The Story of Edgar Sawtelle by David Wroblewski
My rating: 3 of 5 stars
I’m giving this one the benefit of the doubt. I think it’ll grow into the 3-star review as I mull it over. For the moment, it’s more like a 2 because the ending really does blow.
This is a coming-of-age story with a heavy emphasis on the theme of isolation and loneliness, as Edgar is born mute and unable to communicate the way most people would. He is the third generation of Sawtelle men to be involved in the family dog breeding business. When his father dies mysteriously, Edgar learns something that eventually causes him to run away from home with three dogs he’s been raising since they were born. Later, though, he returns home to seek revenge for his father’s death.

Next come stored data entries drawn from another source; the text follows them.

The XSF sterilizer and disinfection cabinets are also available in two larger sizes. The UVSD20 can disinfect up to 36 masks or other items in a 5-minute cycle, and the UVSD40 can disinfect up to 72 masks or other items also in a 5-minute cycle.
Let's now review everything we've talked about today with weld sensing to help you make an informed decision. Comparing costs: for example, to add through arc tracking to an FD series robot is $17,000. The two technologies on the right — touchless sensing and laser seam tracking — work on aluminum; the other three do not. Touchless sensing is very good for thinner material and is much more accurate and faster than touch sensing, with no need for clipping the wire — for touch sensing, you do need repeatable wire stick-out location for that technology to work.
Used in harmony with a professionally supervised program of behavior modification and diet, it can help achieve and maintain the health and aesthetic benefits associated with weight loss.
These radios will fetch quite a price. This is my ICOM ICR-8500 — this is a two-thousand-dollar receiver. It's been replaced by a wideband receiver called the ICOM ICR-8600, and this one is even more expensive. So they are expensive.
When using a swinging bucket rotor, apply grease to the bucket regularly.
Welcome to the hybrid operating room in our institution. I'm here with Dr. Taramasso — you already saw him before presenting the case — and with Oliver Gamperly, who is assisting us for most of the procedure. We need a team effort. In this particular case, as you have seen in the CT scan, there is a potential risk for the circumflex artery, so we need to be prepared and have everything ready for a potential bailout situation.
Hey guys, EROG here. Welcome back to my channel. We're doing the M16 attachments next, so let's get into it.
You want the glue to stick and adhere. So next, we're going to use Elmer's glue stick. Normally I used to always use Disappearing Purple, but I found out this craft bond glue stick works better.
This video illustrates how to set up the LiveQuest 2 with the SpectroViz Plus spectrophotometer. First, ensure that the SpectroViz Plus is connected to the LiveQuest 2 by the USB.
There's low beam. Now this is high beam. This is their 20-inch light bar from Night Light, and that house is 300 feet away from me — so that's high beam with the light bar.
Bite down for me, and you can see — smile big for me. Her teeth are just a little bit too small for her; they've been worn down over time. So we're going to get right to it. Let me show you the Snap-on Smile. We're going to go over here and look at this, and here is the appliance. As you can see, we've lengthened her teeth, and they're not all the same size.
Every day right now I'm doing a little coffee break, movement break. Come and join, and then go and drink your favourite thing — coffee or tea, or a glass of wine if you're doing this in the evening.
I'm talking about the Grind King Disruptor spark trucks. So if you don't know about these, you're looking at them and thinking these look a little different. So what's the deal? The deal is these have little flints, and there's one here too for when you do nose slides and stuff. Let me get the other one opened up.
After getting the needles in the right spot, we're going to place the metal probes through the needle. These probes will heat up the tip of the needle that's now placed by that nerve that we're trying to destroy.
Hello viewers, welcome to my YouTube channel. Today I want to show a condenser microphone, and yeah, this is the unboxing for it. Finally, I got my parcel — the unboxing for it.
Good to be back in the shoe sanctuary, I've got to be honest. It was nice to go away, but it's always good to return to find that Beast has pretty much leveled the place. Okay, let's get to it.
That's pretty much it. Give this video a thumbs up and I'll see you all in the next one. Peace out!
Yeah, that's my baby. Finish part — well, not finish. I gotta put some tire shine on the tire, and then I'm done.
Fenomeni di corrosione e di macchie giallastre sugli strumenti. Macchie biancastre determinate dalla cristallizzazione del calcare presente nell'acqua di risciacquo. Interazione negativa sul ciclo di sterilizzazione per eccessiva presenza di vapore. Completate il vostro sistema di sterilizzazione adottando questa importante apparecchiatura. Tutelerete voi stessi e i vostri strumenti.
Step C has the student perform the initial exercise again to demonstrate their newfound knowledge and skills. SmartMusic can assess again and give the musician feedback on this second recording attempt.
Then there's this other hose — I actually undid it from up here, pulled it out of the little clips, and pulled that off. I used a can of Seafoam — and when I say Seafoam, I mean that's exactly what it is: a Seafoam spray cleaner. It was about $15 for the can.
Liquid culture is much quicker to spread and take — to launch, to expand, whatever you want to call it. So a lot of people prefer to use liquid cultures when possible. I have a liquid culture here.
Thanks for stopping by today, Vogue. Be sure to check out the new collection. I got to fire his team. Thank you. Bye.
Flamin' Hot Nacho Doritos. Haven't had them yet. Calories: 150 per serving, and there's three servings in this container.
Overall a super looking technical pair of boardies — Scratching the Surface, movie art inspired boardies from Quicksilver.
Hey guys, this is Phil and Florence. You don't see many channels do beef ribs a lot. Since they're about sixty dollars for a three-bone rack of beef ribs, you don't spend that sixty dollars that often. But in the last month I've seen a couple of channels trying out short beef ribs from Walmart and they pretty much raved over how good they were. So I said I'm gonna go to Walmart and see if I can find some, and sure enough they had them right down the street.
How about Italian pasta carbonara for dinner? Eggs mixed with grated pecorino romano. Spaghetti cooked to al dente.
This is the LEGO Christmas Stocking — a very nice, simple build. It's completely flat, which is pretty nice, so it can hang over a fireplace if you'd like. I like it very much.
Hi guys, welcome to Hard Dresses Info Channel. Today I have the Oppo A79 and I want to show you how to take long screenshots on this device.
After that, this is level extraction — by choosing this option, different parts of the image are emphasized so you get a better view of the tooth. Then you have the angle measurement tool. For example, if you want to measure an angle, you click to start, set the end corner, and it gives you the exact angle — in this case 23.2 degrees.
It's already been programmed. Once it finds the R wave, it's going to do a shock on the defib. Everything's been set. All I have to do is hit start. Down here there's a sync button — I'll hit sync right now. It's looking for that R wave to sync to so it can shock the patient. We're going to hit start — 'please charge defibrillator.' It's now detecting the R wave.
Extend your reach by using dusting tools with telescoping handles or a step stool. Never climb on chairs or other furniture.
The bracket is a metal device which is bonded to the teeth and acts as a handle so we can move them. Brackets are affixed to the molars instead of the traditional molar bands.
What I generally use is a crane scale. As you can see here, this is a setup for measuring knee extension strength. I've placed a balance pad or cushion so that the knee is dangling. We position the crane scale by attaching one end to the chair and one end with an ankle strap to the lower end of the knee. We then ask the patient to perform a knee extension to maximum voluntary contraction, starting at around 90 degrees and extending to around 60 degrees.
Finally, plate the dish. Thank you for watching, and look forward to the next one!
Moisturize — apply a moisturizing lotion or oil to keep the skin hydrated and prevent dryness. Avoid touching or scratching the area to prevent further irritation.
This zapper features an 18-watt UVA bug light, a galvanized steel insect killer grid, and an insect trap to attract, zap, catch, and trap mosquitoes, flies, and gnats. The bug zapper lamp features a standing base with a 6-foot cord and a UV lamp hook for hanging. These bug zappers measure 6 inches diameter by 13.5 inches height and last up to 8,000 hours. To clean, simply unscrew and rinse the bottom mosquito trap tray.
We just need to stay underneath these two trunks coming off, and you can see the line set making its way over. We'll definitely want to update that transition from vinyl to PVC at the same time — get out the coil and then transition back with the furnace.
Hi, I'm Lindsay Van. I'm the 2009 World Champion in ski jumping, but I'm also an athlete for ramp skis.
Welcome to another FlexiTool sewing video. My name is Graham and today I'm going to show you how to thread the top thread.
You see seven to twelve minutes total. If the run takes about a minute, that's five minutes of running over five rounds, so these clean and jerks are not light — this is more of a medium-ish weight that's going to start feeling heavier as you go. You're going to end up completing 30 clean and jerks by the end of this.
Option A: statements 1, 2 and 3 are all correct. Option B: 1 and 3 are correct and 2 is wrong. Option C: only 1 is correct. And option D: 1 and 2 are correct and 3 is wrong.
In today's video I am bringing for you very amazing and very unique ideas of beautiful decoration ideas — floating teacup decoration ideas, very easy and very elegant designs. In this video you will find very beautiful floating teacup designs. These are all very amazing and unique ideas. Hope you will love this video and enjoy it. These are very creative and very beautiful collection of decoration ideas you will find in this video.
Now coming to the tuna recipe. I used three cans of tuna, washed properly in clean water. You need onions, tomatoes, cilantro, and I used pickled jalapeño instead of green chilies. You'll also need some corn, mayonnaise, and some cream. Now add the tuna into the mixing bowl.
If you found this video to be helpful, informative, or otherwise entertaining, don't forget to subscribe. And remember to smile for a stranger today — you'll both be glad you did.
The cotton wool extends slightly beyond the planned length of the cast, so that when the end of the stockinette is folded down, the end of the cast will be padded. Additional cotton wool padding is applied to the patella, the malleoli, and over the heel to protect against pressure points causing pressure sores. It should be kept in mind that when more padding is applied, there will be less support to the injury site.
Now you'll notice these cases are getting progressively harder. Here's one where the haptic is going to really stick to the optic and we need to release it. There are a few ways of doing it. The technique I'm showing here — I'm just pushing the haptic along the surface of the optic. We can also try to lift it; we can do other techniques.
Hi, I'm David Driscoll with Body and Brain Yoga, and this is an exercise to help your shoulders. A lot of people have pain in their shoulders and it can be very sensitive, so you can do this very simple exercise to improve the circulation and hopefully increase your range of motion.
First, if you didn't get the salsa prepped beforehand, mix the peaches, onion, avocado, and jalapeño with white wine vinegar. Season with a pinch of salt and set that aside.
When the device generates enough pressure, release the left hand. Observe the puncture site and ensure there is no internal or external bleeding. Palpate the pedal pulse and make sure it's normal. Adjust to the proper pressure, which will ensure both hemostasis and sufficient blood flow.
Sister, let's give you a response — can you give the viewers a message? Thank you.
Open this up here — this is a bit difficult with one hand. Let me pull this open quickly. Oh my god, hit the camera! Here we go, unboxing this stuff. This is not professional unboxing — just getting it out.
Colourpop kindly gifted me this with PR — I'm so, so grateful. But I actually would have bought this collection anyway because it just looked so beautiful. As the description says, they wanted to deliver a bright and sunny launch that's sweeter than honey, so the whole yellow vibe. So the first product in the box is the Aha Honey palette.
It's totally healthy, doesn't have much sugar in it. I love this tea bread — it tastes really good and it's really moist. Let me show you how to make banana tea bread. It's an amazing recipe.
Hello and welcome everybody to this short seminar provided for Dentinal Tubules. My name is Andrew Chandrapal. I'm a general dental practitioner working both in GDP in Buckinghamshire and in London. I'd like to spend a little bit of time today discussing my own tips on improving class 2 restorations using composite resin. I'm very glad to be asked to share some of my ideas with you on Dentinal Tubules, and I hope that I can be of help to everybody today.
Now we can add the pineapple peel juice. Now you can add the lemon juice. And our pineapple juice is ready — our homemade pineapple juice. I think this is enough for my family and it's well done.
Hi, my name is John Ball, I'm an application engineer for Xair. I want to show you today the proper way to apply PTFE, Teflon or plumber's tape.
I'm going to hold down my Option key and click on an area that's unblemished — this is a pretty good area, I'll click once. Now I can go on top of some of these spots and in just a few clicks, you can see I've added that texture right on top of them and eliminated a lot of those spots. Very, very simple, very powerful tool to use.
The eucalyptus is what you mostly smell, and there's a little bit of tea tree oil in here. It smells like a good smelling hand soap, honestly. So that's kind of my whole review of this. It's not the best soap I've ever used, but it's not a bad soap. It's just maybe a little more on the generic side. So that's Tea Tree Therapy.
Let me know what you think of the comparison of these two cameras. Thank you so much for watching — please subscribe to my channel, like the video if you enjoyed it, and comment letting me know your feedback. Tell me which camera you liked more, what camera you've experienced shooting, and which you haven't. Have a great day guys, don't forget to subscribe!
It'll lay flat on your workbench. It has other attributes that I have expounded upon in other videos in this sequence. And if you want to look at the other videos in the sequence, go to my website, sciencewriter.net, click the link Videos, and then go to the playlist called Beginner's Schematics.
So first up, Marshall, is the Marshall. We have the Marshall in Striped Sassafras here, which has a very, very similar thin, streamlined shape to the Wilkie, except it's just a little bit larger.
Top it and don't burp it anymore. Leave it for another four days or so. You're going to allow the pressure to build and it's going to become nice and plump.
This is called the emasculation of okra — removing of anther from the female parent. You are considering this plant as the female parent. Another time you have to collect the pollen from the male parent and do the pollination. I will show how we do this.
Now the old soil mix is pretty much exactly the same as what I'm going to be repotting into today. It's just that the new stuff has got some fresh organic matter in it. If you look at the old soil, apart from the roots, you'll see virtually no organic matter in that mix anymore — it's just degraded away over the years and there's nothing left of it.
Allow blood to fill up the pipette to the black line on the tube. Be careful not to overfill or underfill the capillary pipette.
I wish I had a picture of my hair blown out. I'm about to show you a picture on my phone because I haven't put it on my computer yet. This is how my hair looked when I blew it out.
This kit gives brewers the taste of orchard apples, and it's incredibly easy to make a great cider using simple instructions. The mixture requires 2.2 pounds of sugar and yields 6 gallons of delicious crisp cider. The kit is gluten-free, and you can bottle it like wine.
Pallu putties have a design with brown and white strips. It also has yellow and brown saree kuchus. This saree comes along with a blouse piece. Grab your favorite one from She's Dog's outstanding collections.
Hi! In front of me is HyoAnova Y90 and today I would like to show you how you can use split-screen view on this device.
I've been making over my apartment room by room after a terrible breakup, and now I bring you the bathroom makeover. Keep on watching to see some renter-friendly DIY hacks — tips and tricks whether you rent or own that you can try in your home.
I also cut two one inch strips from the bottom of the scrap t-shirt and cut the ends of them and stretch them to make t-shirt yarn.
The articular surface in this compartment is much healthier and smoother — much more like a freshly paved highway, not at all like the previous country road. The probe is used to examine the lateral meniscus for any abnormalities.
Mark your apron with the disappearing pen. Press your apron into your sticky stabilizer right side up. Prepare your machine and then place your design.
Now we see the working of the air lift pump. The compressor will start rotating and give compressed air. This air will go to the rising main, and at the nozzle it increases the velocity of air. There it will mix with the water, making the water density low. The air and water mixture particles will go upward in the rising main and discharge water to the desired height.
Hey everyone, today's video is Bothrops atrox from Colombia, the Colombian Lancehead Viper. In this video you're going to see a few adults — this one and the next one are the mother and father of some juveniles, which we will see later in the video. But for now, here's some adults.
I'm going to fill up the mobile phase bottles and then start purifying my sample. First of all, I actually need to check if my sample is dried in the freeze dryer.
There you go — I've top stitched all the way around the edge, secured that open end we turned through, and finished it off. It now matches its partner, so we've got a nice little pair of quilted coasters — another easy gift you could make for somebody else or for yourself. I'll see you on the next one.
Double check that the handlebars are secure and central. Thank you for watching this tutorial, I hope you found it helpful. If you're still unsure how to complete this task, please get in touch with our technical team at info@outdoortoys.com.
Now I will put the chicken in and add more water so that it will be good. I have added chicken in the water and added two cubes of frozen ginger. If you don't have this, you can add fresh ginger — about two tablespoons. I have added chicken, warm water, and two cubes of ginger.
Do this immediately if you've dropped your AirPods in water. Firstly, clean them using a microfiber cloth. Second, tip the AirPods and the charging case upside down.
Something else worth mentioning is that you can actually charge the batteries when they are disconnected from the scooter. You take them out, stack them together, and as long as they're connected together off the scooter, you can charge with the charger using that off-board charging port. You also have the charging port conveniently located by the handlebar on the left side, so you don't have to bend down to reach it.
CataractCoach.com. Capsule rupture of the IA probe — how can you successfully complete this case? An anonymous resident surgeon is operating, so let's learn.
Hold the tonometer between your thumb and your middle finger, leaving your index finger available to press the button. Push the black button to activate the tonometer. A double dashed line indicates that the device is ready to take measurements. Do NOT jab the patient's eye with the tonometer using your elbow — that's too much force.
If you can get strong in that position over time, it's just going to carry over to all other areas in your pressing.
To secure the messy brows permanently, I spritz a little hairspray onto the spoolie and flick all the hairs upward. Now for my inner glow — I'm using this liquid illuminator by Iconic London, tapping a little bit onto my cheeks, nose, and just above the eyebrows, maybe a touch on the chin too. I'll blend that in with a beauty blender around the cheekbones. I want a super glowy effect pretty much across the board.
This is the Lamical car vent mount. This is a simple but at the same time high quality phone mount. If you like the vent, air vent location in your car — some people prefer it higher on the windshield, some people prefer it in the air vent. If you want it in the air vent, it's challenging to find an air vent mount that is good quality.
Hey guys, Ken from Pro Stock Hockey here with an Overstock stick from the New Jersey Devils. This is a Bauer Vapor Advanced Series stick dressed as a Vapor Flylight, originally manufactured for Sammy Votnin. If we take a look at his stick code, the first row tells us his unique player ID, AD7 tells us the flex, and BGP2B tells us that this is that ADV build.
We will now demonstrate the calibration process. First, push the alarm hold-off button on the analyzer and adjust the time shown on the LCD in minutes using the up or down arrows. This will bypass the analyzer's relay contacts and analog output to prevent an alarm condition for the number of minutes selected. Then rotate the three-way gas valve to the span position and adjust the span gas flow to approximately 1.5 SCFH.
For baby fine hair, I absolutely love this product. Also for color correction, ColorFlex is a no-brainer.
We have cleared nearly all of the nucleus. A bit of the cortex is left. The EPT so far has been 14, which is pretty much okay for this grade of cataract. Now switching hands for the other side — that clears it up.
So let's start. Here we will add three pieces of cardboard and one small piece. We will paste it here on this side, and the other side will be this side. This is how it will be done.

The Story of Edgar Sawtelle is a very long book, and there are painful stretches where the length really shows, where David Wroblewski could have cut, cut, cut excess wordage, or not shown the same scene we just read from a different character’s perspective. There are some beautiful passages, and some places of engaging story, but there is so much unneeded stuff that just drags the story down.
There are some supernatural elements of the story that seem totally out of place considering the type of literary book this aspires to be. First, there is the father’s ghost, then Ida’s ability to prophecy also seems to be a convenient plot device. Of course, neither are, as Wroblewski relies has heavily on Shakespeare’s Hamlet as Disney did for The Lion King. The allusion is strong enough to be homage, and makes a good bit of the plot easy to guess.
Finally, this was another of my attempts to find a book similar to John Steinbeck’s East of Eden. In this case, the audio book has the same narrator (Richard Poe does a great job), and there are bits and pieces where it touches on the epic scope of Steinbeck’s novel, but in the end the slow parts, the obvious retelling of Hamlet, and a very, very unsatisfying ending make this novel fall well short of Steinbeck.